Secondly, it's conceivable that people relied upon some of the empirical reports Shapin considers because of external constraints which encouraged truth telling and discouraged speaking falsely rather than because of the character of the reporter. The constraints built into to the work situations of Shapin's non-genteel "invisible technicians" are an example (Ch. Eight). Other reports might have been relied upon not so much because of the identities or situations of the reporters as because of perceptual and cognitive psychological factors which made mistakes unlikely. Thus Boyle's assistants describe some things which cognitively and perceptually normal human beings typically don't get wrong (385). Here it's worth considering Annette Baier's discussion of reasons other than trust for relying on others (see: "Trust and Anti- trust" in Baier, *Moral Prejudices*).

Thirdly, Shapin documents the importance of the plausibility of what is reported to the assessment of the reliability of the report. There are obvious connections between plausibility and trustworthiness; someone who wishes to establish a reputation for genteel trustworthiness is well advised to try to avoid making implausible claims. More interestingly, there is a matter of weighting. A prima facie implausible claim delivered in a manner which "...inspires a just confidence" by someone with the genteel virtues of "integrity and disinterestedness" (212) will get a better hearing than the same claim delivered in a boastful, wonder-mongering, pedantic, or otherwise indecorous manner (221) or if it came from the mouth of someone whose personal vices, interest in a particular outcome, or susceptibility to the influence of others argue against his veracity (223 ff.).

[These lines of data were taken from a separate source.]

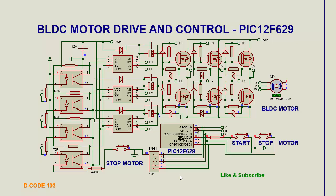Good morning friend, welcome to my channel Decode 103. Today I will show you how to drive a BLDC motor using PIC 12F629. In this circuit there is a three-phase inverter switch using 6 MOSFETs, three MOSFET drivers, and three optocouplers to isolate the microcontroller from the rest of the circuit.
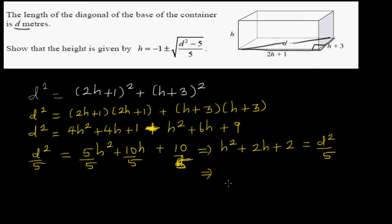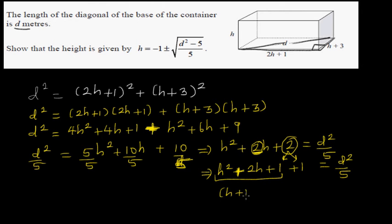Now I'm going to use the completing the square technique. With h squared plus 2h, you take half of 2, which is 1, and square it to get 1. So I write 2 as 1 plus 1, making this a perfect square: (h + 1) squared plus 1 is equal to d squared over 5.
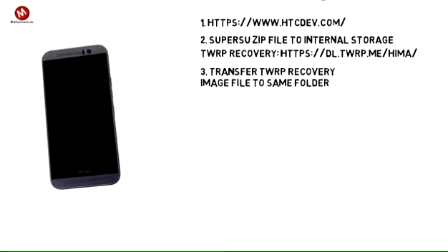Step 3. Transfer the TWRP Recovery image file to the same folder containing the ADB or fastboot files that was created while unlocking the bootloader in Step 1. Also, make sure to rename the file to something simpler, like TWRP.IMG.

But plausibility has to do with the likelihood of what is reported, and likelihood can depend upon biological or physical probabilities; it's implausible, e.g., that an out of shape sixty year old should high jump over 7 feet, or that Santa Monica Bay should freeze over. It can depend upon on psychological or sociological factors; it's implausible that a British two year old should master ancient Greek, or that a woman should be elected president of the Royal Society during the 17th Century. And so on. This makes it natural to ask to what extent assessments of plausibility are influenced by facts of nature and other factors Shapin tends to downplay. Consider the astronomical controversy. What caused trouble was not Hevelius's observations, but the implausibility of a comet's trajectory which he calculated from them. This implausibility derived from later observations which--if they were observations of the same comet--would require Hevelius's trajectory to continue in a physically improbable way. In light of this, the suggestion that the comet observed later on was not the same one Hevelius saw seems plausible for reasons which don't sound particularly sociological. The Royal Society's concern for its continuing relations with Hevelius and Auzout must have influenced its treatment of the dispute. But was this as important a factor as the astronomical and mathematical considerations which friends of the received view of science would emphasize?

Many features of the science Shapin studied are idiosyncratic to 17th century scientific practice. But a tantalizing epilogue suggests how the morals of this book might apply to current scientific practice. Shapin speculates that even if present day "outsiders" treat scientists with ungenteel skepticism of the kind which Merton thought was essential to scientific practice, small "communities" of scientists might nevertheless behave in something like the manner of the manner of the Royal Society (409-417). This is a fascinating idea. Its implementation would require an account of what sort of social unit a "community" is, and an investigation of the epistemic significance of interactions between scientists working on common problems in competing laboratories or research groups as well as scientists working together in the same groups. I hope Shapin will write something about this. But whether or not he does his Social History of Truth is one of the finest of science studies books, and a model of how intellectual history should be done.